*Problem statement*
In the data below, begin at the line with "Sillín Cinelli Unicanitor" and stop after the line with "Building Photo - 5409 N Flagler Dr"; output those lines exactly and no pictures.

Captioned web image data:
[Start of section]

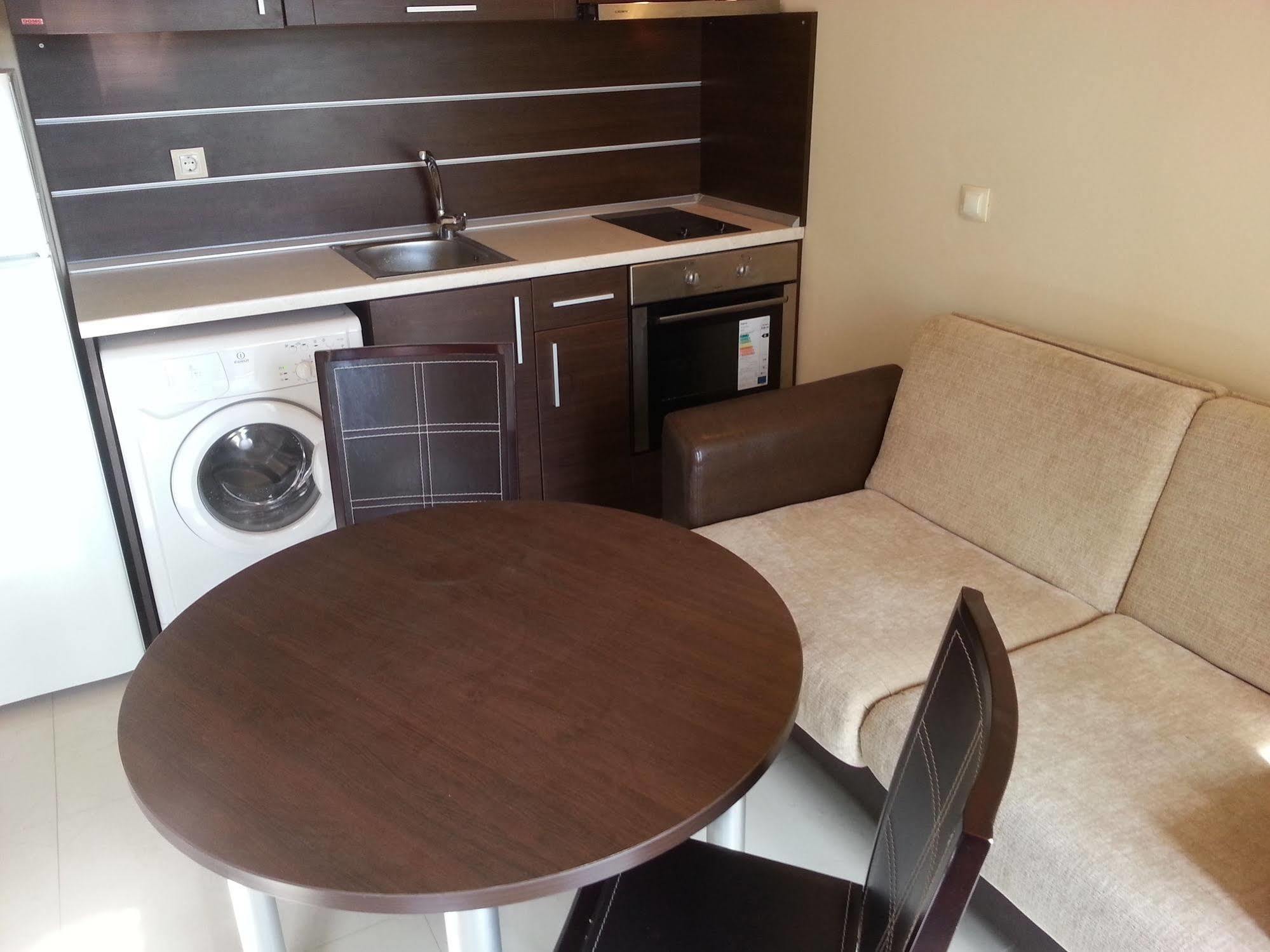Menada Green Hills Apartments Sosopol Exterior foto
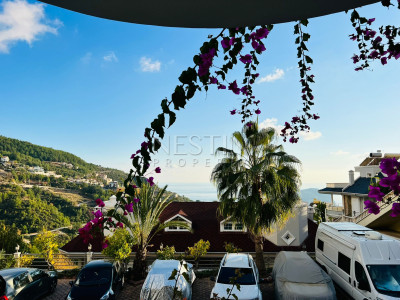 Квартира 2+1 в центре города Аланья в районе Тепе с видом горы фото 1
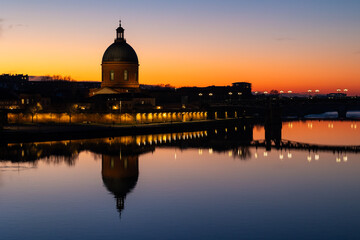 Obraz premium Dome of La Grave and Its Reflection in the Waters of the Garonne at Sunset in Toulouse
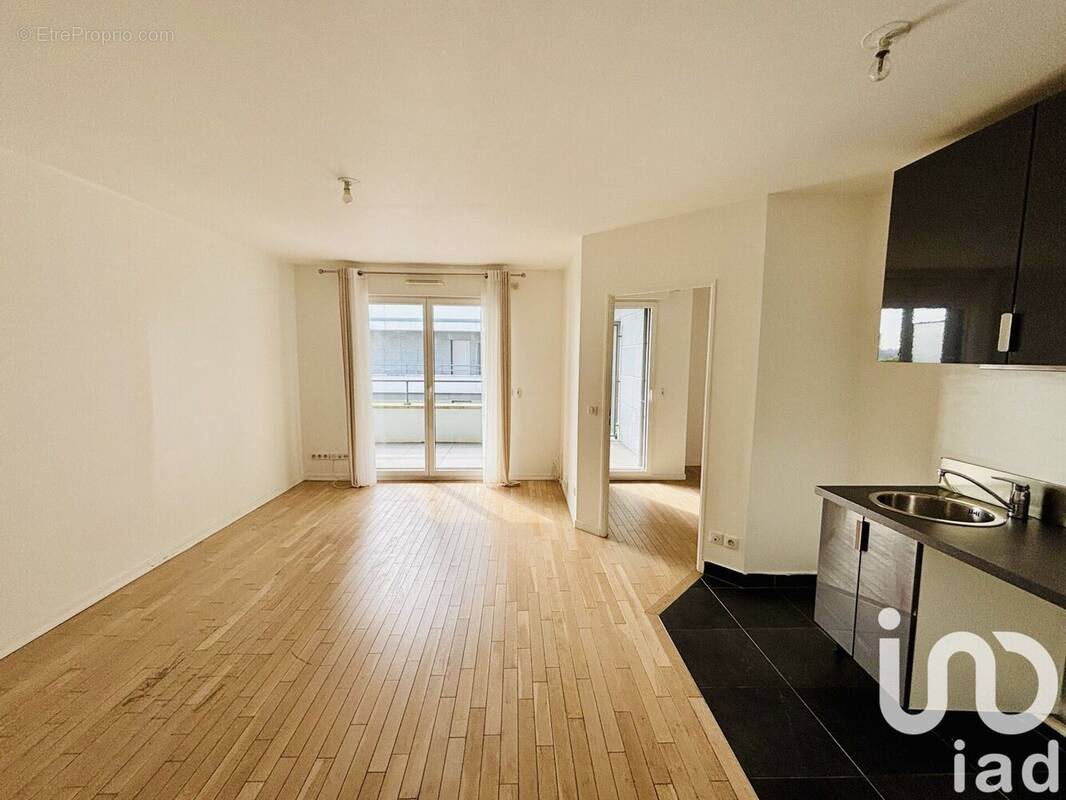 Photo 1 - Appartement à COURBEVOIE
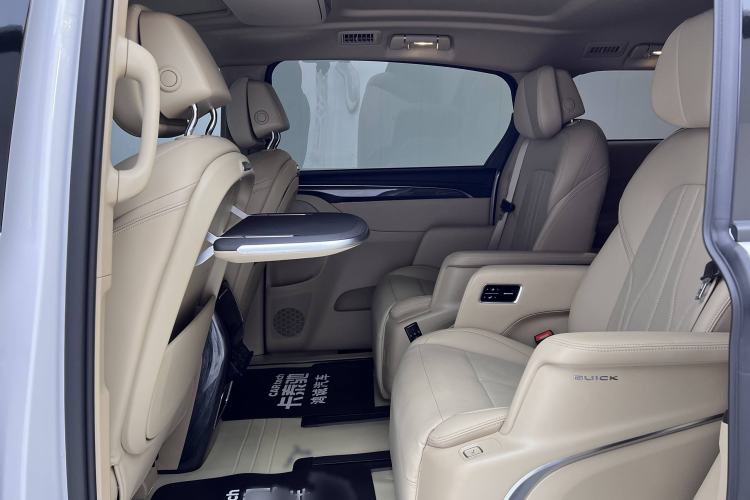 Used Buick GL8 New Energy 2025 Lu Shang Luxury Edition 7-Seater
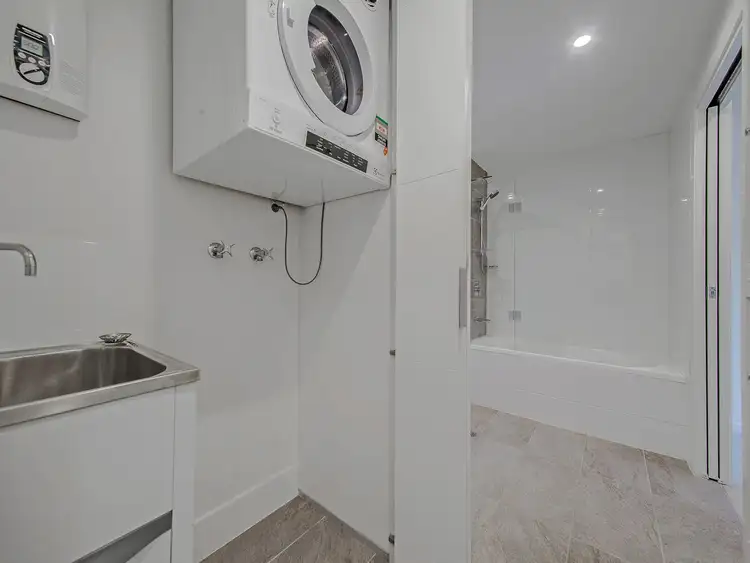 Sixth view of Homely apartment listing, 112/986 Wynnum Road, Cannon Hill QLD 4170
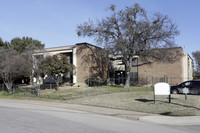 La Hacienda in Dallas, TX - Foto de edificio - Building Photo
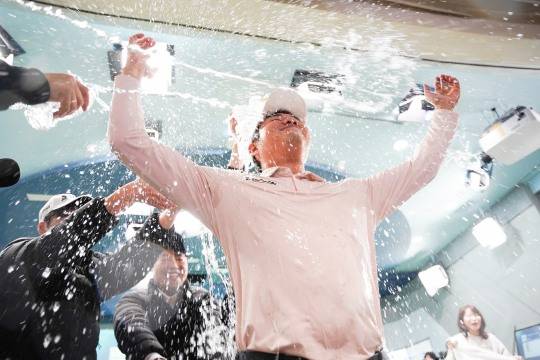 지난 15일(토) 대전 골프존조이마루에서 열린 ‘2025 신한투자증권 GTOUR’ 2차 대회 우승자 김민수가 우승 확정 후 동료 선수들에게 물세례 축하를 받고 있다.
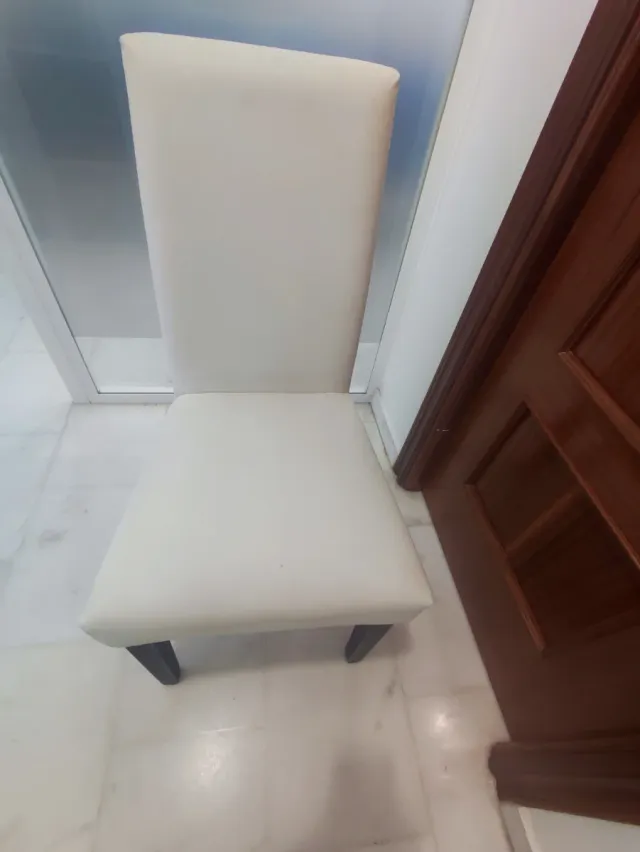 Silla polipiel blanca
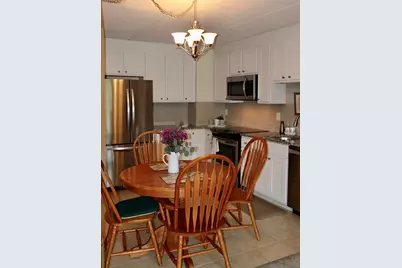 80 N Warren St #9, Woburn, MA 01801 - Photo 4
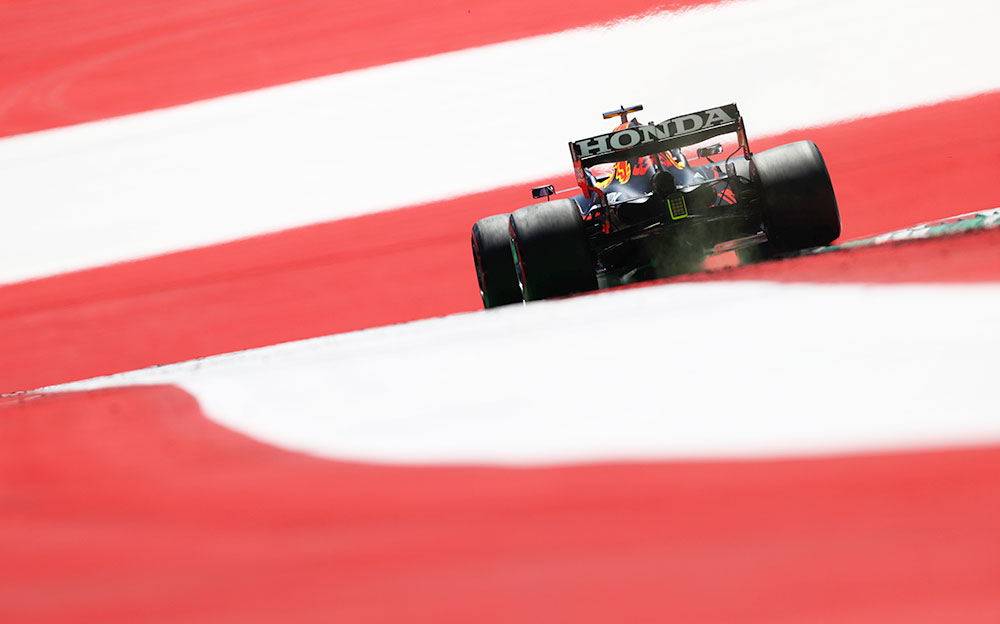 2021年F1奥地利大奖赛三练，行驶在红牛环的红牛RB16B车尾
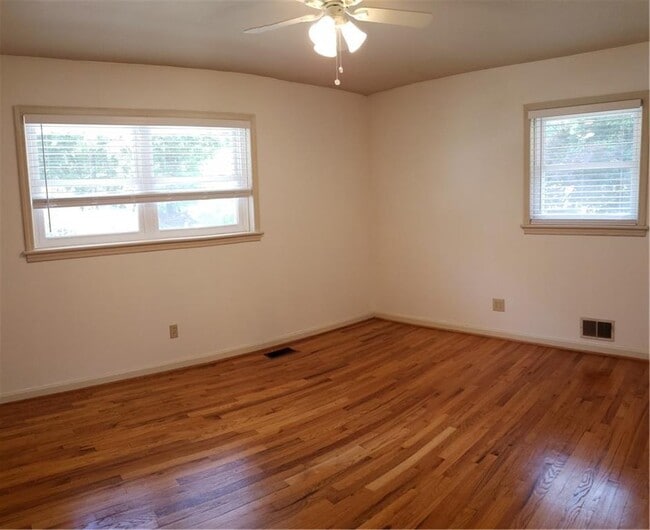 Building Photo - 3662 Rock Springs Dr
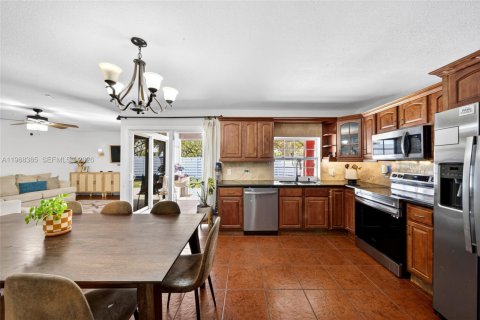 House in Miami, Florida 3 bedrooms, 129.78 sq.m. № 2030075 - photo 14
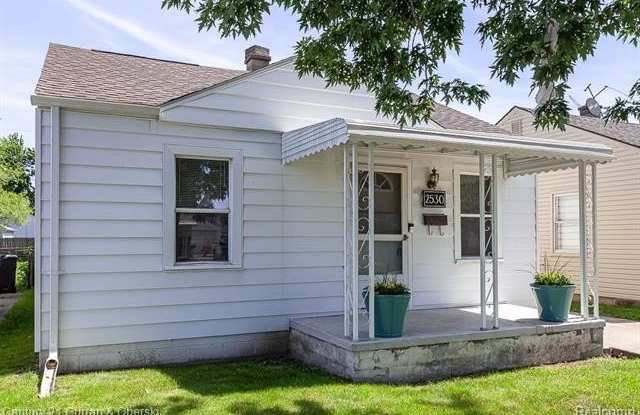 2530 NORMAN Street photos photos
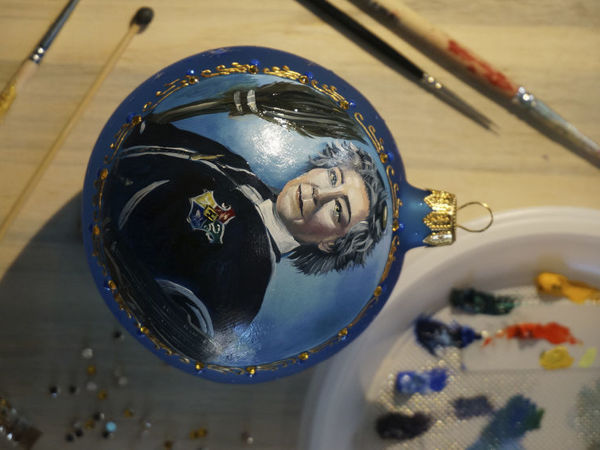 Painting Christmas Ball: Madame Hooch from Harry Potter Books | Livemaster - handmade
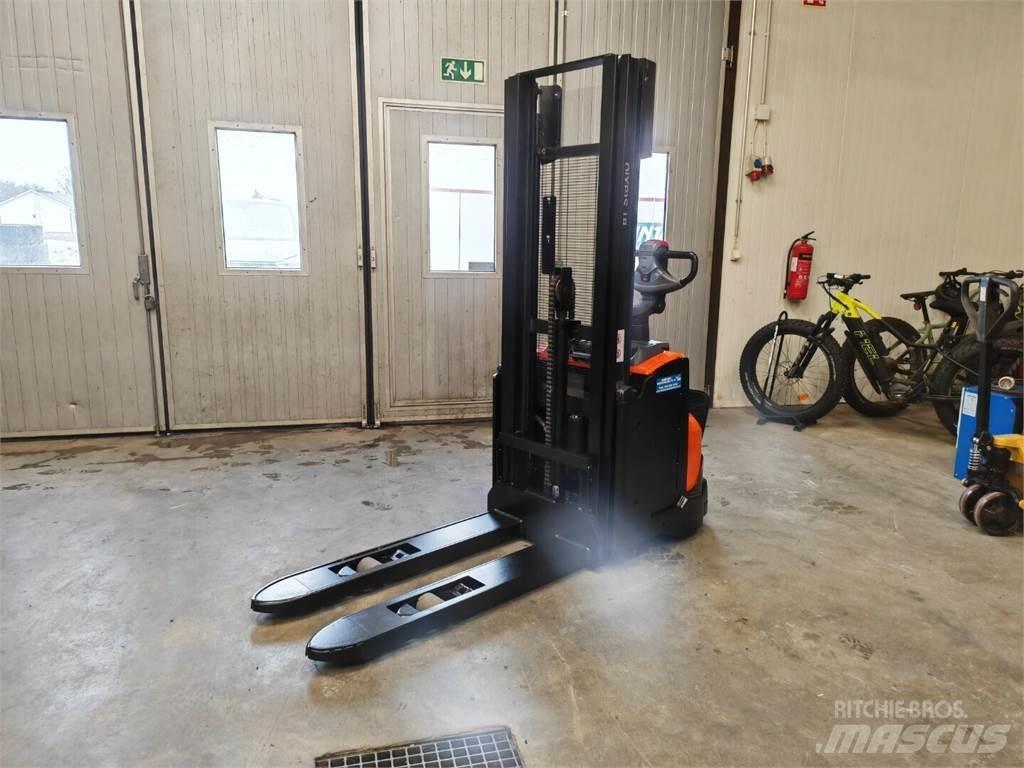 Toyota SWE120L Wózki widłowe inne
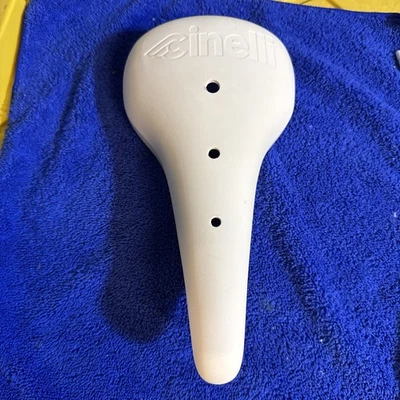 Sillín Cinelli Unicanitor - Asiento de bicicleta clásico - Blanco Foto 1 de 4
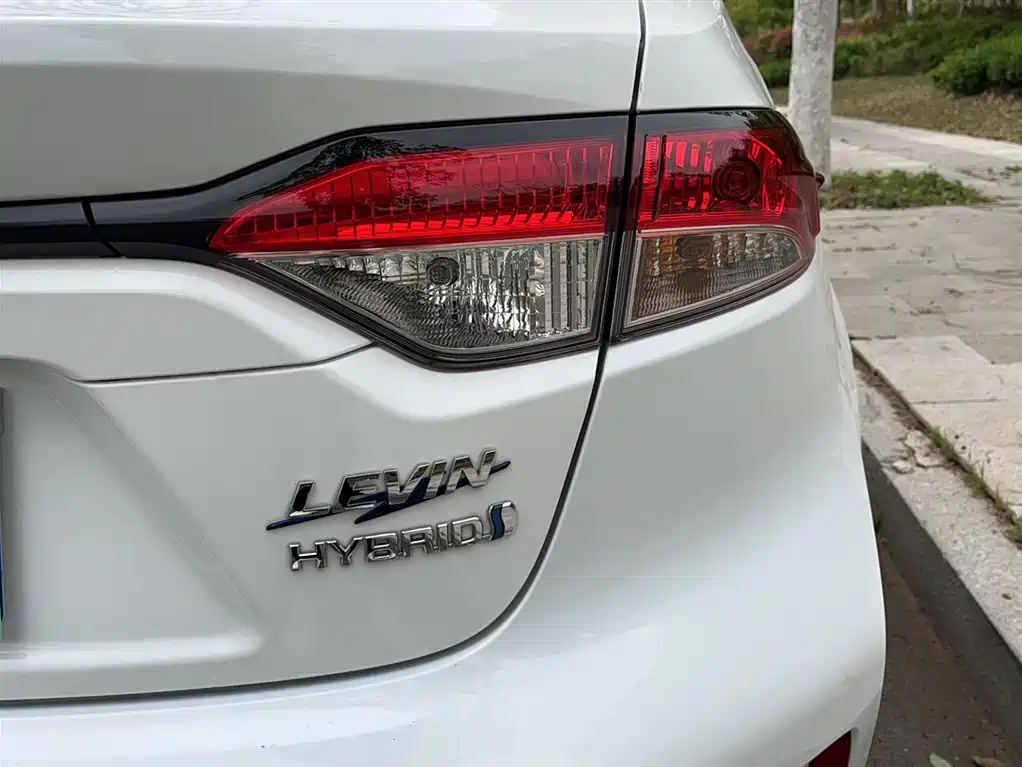 Toyota Levin 2023 Smart Hybrid 1.8L Luxury фото 15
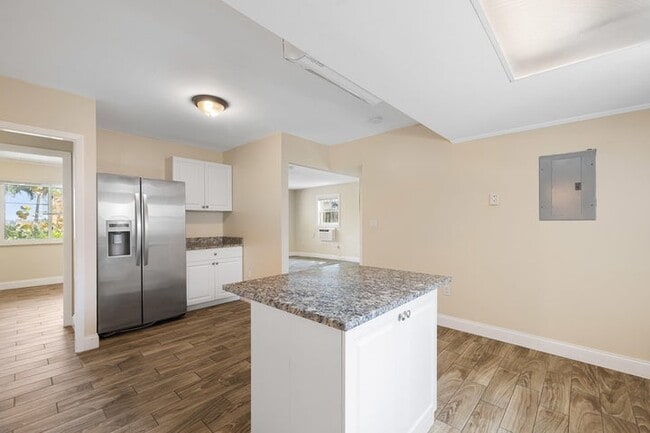 Building Photo - 5409 N Flagler Dr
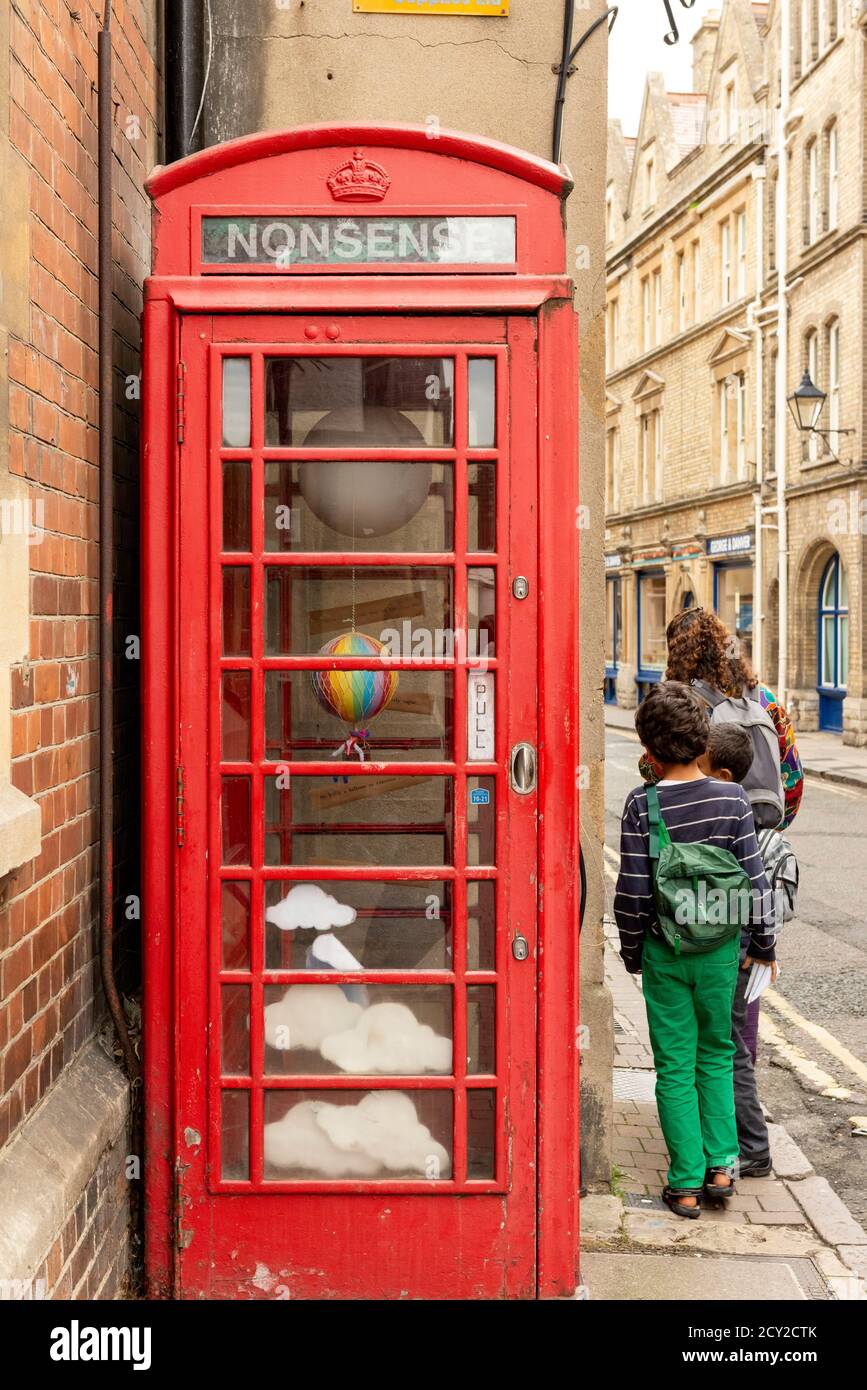 Alte rote Telefonbox der K6-Klasse II, die vor dem Story Museum in der Pembroke Street, Oxford, Oxfordshire, Großbritannien, in eine Kunstinstallation umgewandelt wurde Stockfoto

[End of section]

*Output*
 Sillín Cinelli Unicanitor - Asiento de bicicleta clásico - Blanco Foto 1 de 4
 Toyota Levin 2023 Smart Hybrid 1.8L Luxury фото 15
 Building Photo - 5409 N Flagler Dr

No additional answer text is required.